Nwoye’s writings by the author’s position is an aggregation of a conscientious inquisition into the nature of human relationships and the underlying constrictions of the society. The author, through this critical analysis, deconstructs, as well as establishes the link between literature and the larger human society, via the writings of Nwoye. This supposition can be deduced in chapter three: ‘Tides of Life’ which is also one of Nwoye’s titles. According to Fajenyo: “Nwoye’s satire is energised by the commonplaceness of the events which she writes about.”

The reader of Fajenyo’s book is bound to be exposed to the doses of Nwoye’s philosophic and social commitment as a writer, plus the author’s interpretations of what these representations mean for the larger society. The book is chiefly an analysis of the styles and themes of Nwoye’s works in their various shades and their implications for the human society.

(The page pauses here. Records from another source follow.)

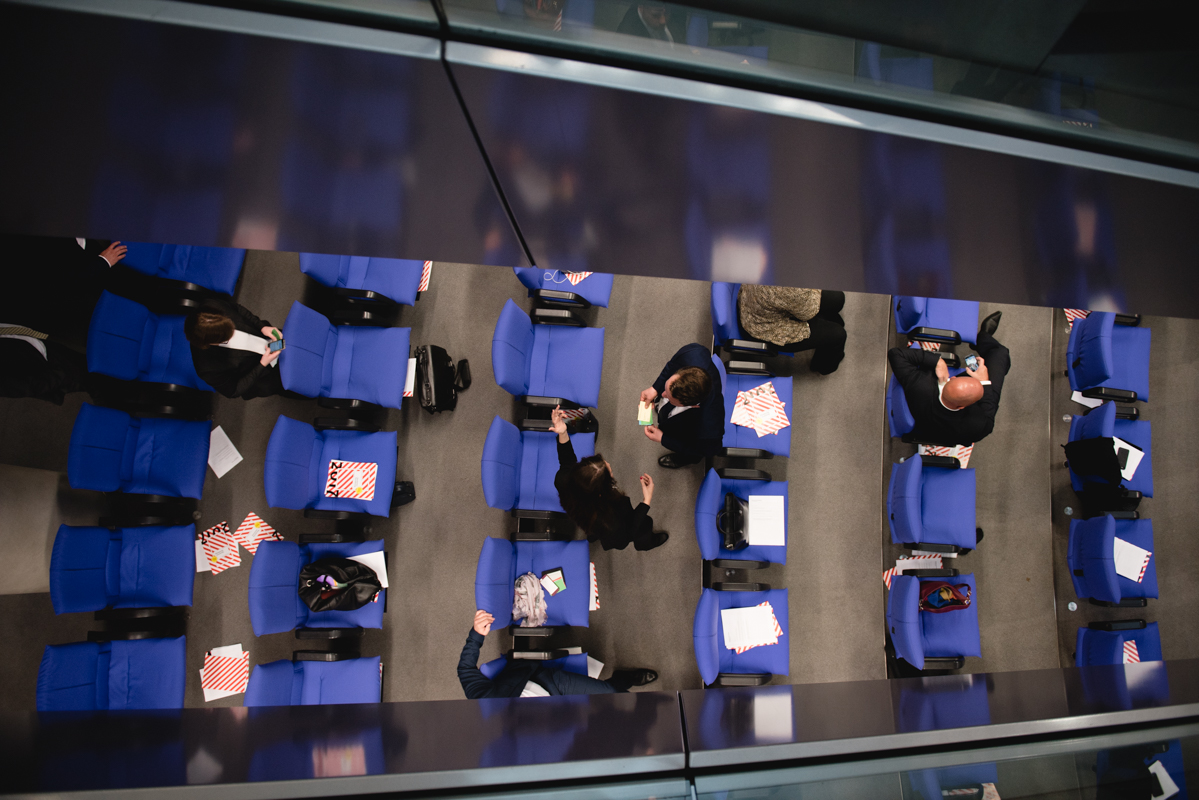 Blick von oben auf Sitzplätze im Bundestag.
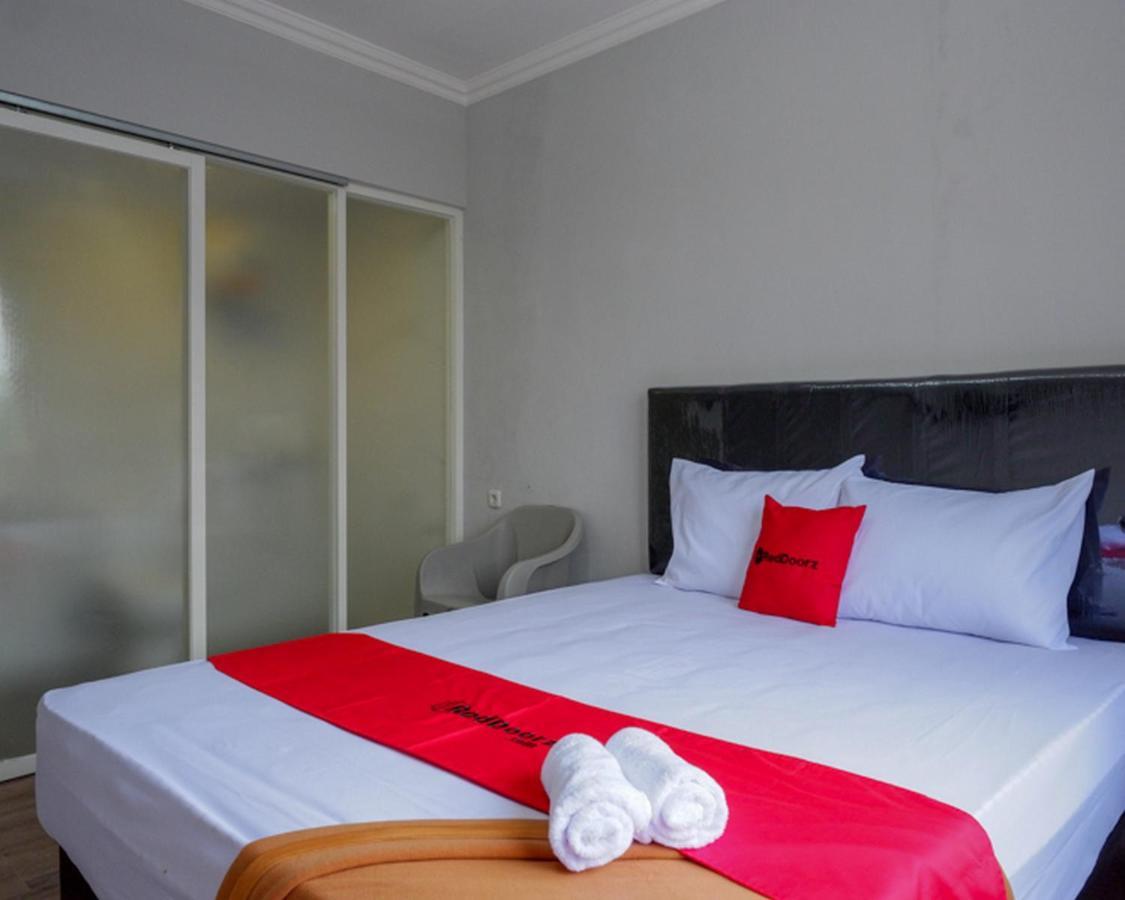 Reddoorz @ City Park Medoho Semarang Alastuwo Eksteriør billede
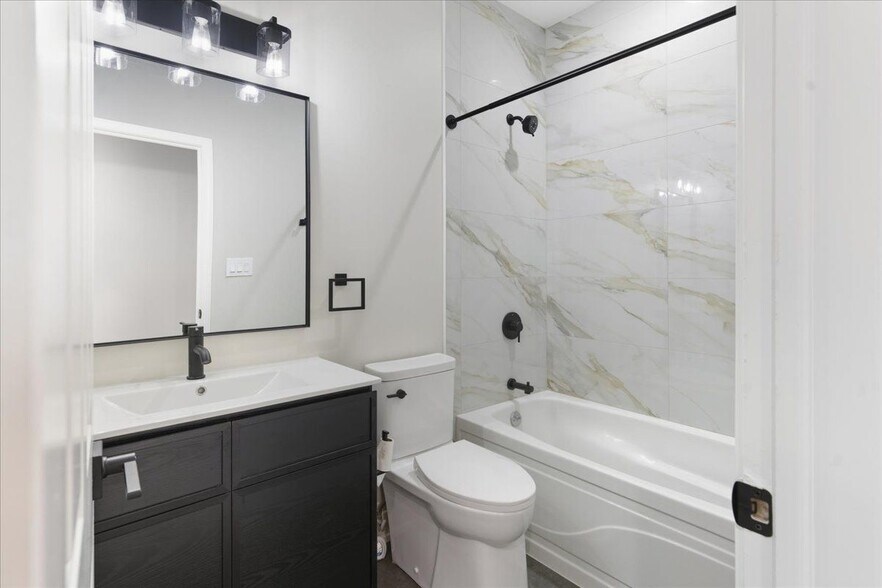 Building Photo - 839 W 14th Pl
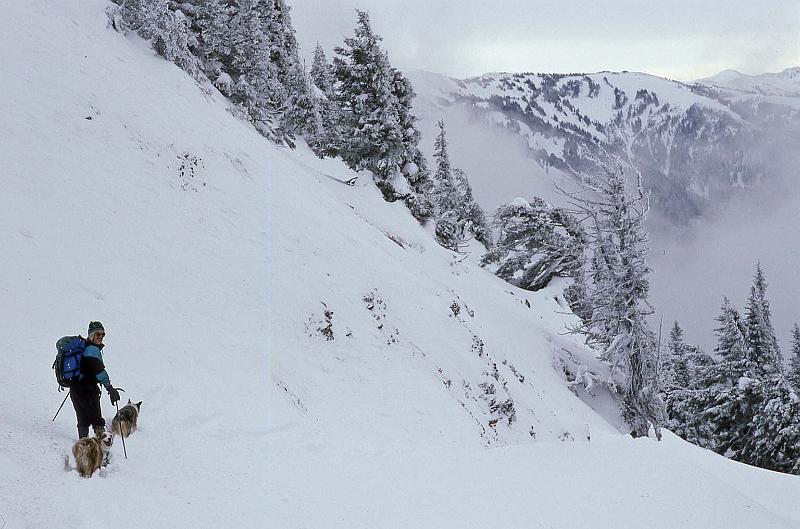 1995-01 Skiing Near Swauk Pass w Jeanne and Steve Mason 02.jpg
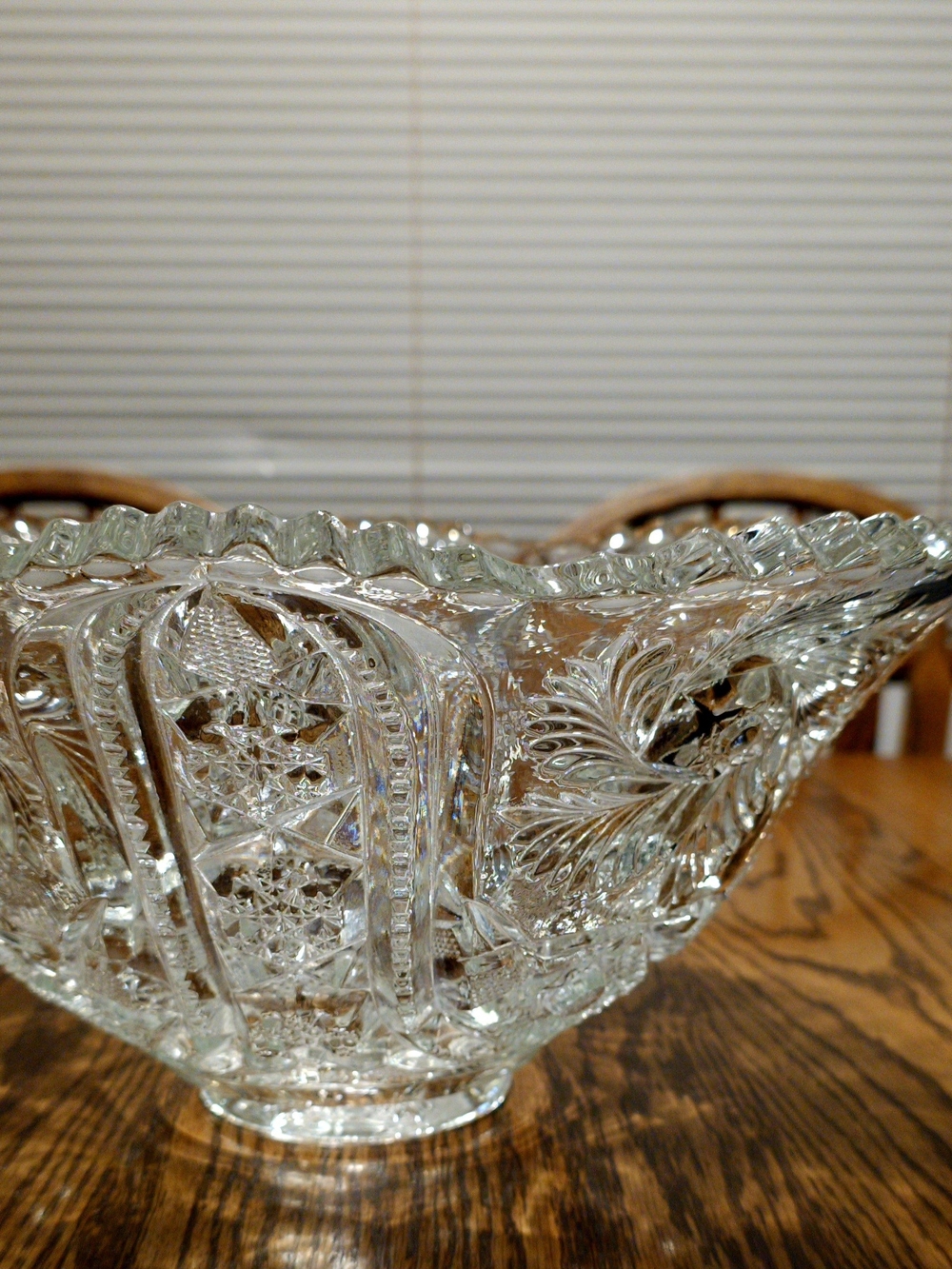 Vintage LE Smith Pinwheel and Stars Glass Punch Bowl Centerpiece Clear 14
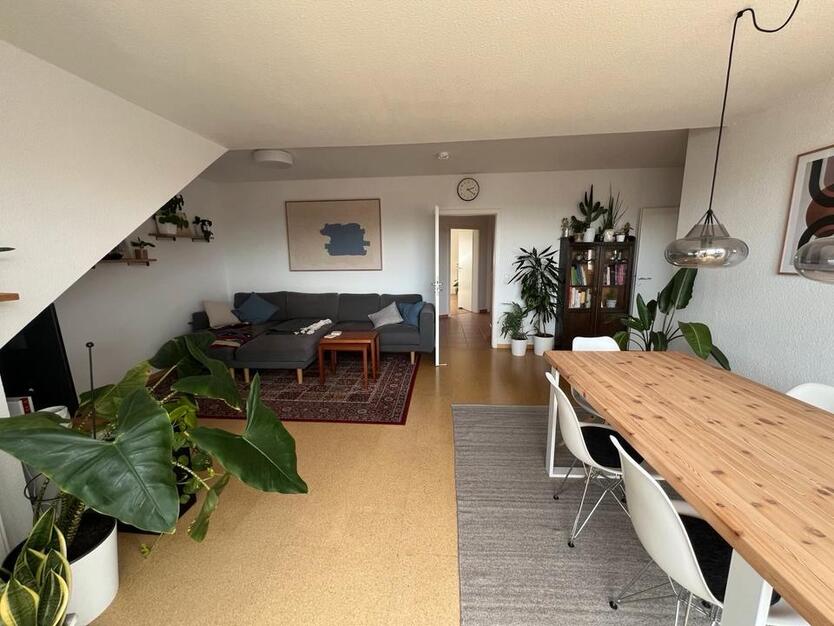 Zwischenmiete: 3-Zimmer-Wohnung voll möbliert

Fajenyo attempts to locate Nwoye’s narratives within the larger  marxist pontification of literature as being capable of rendering concrete services to the society. What is also referred to as social consciousness. In other words, Fajenyo perceives Nwoye’s writings as having fundamental social functions.

In chapter nine, ‘Oil Cemetery,’ Fajenyo unmasks through a detailed analysis the oil politics, environmental degradation and strife brought upon the people of the Niger Delta as a result of the exploration of oil in the region as reflected in the Oil Cemetery which constitutes also the concern of the chapter.

In chapter ten, Fajenyo presents an interview with the writer and in it the reader encounters from the horse’s mouth what informed her journey into writing.